# Chacoan Imports?



## Brink of Excess (Aug 9, 2012)

Ive been debating getting a Chacoan/extreme for a while now.
Finally decided to take the plunge.
well my plunge was a little late. Varnyard has no more available.
to my knowledge no one else breeds these guys.
Anyone know where I can get an import or a hatchling so I dont have to wait untill next year?


----------



## spark678 (Aug 9, 2012)

from teguterra http://www.teguterra.com/apps/webstore/


----------



## chelvis (Aug 9, 2012)

A few people are breeding them now. Some of the wild caught in Florida are being called Chacoan's.


----------



## Brink of Excess (Aug 9, 2012)

spark678 said:


> from teguterra http://www.teguterra.com/apps/webstore/



Awesome! I didnt realize Teguterra bred chacoans. Thanks!!!



chelvis said:


> A few people are breeding them now. Some of the wild caught in Florida are being called Chacoan's.



must be chacoans, since Ive heard theyre the only ones to eat peoples fingers LMAO
seriously though, I wonder if they are really chacoans?


----------



## james.w (Aug 9, 2012)

Is there a specific reason you want a chacoan/extreme??


----------



## Brink of Excess (Aug 9, 2012)

james.w said:


> Is there a specific reason you want a chacoan/extreme??



Well i dont want a red or blue (just a mater of color preference)
so that leaves the b&w or chacoans. (hybrids aside)
I would rather a chacoan over a b&w because I appreciate the size difference (I know some b&w get as big as chacoans and some chacoans will stay smallish)
Plus - I know this is debatable, but from my research which has been fairly extensive imo, chacoans seem more initially tame and perhaps most tame overall.
What Id really love is a yellow Tegu though. :heart:
I hope they make it into the pet trade one day...


----------



## james.w (Aug 9, 2012)

Like you said size and tameness is extremely debatable. If the higher white color of the "extremes" isn't part of your reasoning I would just go with a black and white.


----------



## Brink of Excess (Aug 9, 2012)

james.w said:


> Like you said size and tameness is extremely debatable. If the higher white color of the "extremes" isn't part of your reasoning I would just go with a black and white.
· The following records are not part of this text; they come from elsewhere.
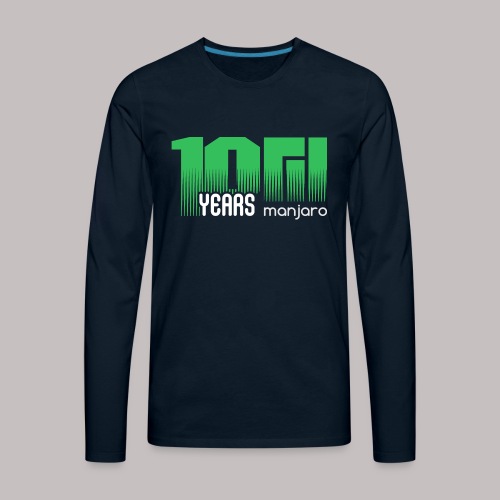 10 years Manjaro white - Men's Premium Long Sleeve T-Shirt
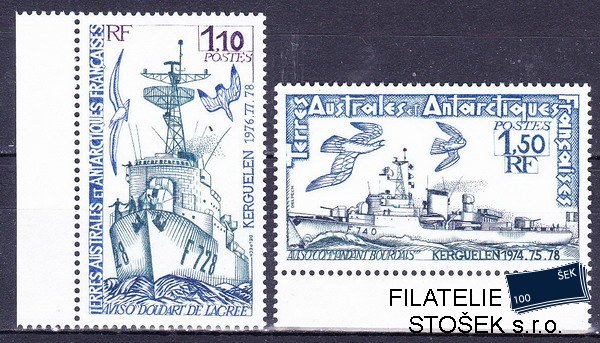 Antarktida francouzská známky Mi 138-9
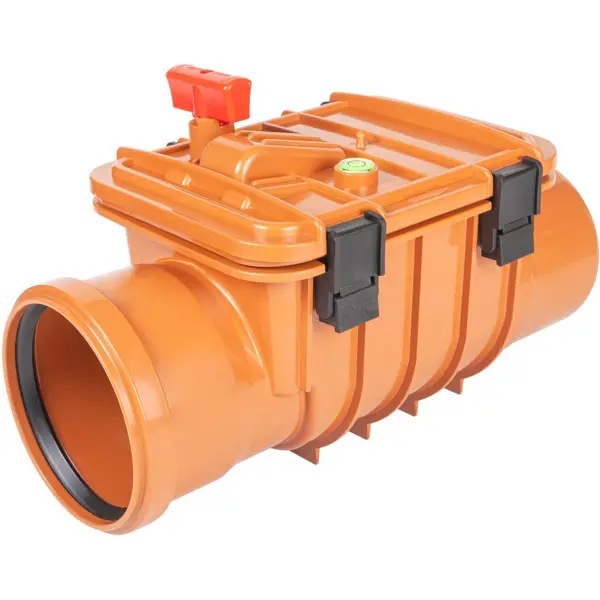 Клапан обратный наружный 110 мм клапан канализационный обратный 110 мм ростурпласт наружный рыжий 11639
Good advice but I just ordered my little guy from Tegu Terra.
Thanks for the link spark678!
will post (probably too many) pics soon.


----------



## spark678 (Aug 9, 2012)

Your welcome I never new they had them either up until the other day. And best part is NO DEPOSIT and waiting a year to get your tegu with them.


----------



## Steven. (Aug 9, 2012)

I think underground has some their breeding this year as well.. I wonder if all these new breeders of chacoans got them from varnyard...


----------



## laurarfl (Aug 9, 2012)

I've heard the wild tegus in FL being called Paraguayan. I don't know if anyone is checking their lineage though.


----------



## HeatherN (Aug 9, 2012)

grats! as you know, i went with chacoans too. for the size difference as well as the color. the tendency towards the large size and high white combo was worth the money and waiting for me. when i was looking to get into mine, teguterra was all out of stock, so i figured id just go with bobby, as he was my first choice anyway. cant wait to see him!


----------



## PocketFullOfTegus (Aug 9, 2012)

Whats the difference with a paraguyan tegu?


----------



## Brink of Excess (Aug 9, 2012)

HeatherN said:


> grats! as you know, i went with chacoans too. for the size difference as well as the color. the tendency towards the large size and high white combo was worth the money and waiting for me. when i was looking to get into mine, teguterra was all out of stock, so i figured id just go with bobby, as he was my first choice anyway. cant wait to see him!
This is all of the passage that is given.